Alan anticipates admission to the partnership on July 1 of this year. The senior managing partner, Jane Butler, has had preliminary discussions with Alan in which the senior partner proposed the following:
1. A 5% interest in BSM capital and profits in recognition of Alan’s commitment to the firm and in exchange for a capital investment by Alan of $150,000. This 5% interest would be acquired from the other partners.
2. Alan’s compensation will consist of a monthly withdrawal of $18,000 and benefits valued at $5,000 annually. Monthly withdrawals approximate firm profits, but any unpaid profits will be distributed as a bonus to Alan after the end of each partnership year.
On March 1, only one month prior to Alan’s final negotiation meeting for entry into the partnership, Mary, one of the junior associates, discreetly informed Alan that the firm was drawing up documents for Hugh Starns’ retirement. Hugh has a 5% interest in the firm’s capital and profits with a book value of $125,000. The partners have agreed upon a $75,000 cash settlement of the interest held by Mr. Starns. (Of the other 10 partners, numbers 1 through 9 hold 10% interests, and number 10 holds a 5% interest).

A. Assume Mr. Starns retires with his $75,000 settlement, and Alan is admitted to the partnership as proposed.
(1) Prepare journal entries to record the retirement and admission.
(2) Discuss the factors Alan needs to consider in evaluating whether he has improved his annual compensation from the firm. Although this is not a tax course, include a discussion of the various tax issues.
(3) Should Alan be concerned regarding the impending retirement and settlement of Mr. Starns’ capital account assuming Alan is confident that he will be able to match the revenue-generating ability of Mr. Starns?
B. Assume instead that Alan is so disturbed by the impending departure of Mr. Starns that he decides to join Mary, the junior associate, in leaving the firm to form their own law partnership. Both Alan and Mary feel confident that during their tenures at BSM they have developed such good working relationships with their clients that the majority of their clients will follow them to the new firm.
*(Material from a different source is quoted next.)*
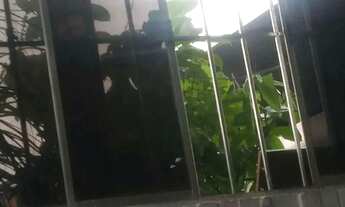 Imagem 7: Apartamento em Rua São Florêncio - Cangaíba - São Paulo/SP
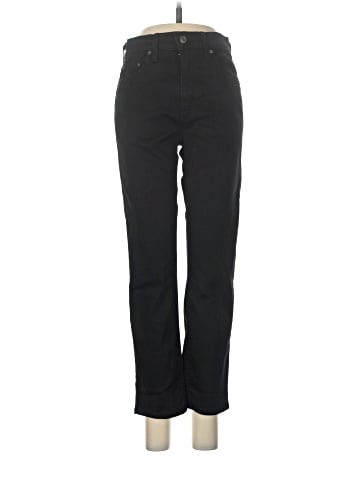 Levi's Jeggings (view 1)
(1) Should Alan and Mary have any hesitation in quietly recruiting BSM clients to “follow them” to the new law firm?
(2) Can the partners of BSM prevent such recruiting of clients based on the claim that these clients are BSM “property”?
C. Assume instead that the firm encounters difficulties from which it is unable to recover, and in April, the decision is made to liquidate the firm. It is discovered that Mr. Starns has (in violation of the partnership agreement) taken draws which reduced firm cash and his capital account by $130,000. However, BSM owes Mr. Starns $10,000 for a separate loan made to the firm some 10 years ago. As of May 1, the firm had unallocated profits of $25,000, and cash had also increased by $25,000.
(1) Assuming that the provisions of UPA Section 40(b) are adhered to strictly, prepare entries to record the distributions. Assume that Mr. Starns is insolvent.
(2) If the other 10 partners are aware that Starns’ capital account will take on a debit balance, can they rightfully hold repayment of the balance due to Starns for the $10,000 loan contingent on his reimbursement of his capital account’s debit balance? Does this violate UPA Section 40(b)? On what basis can the partners justify their action (if challenged)?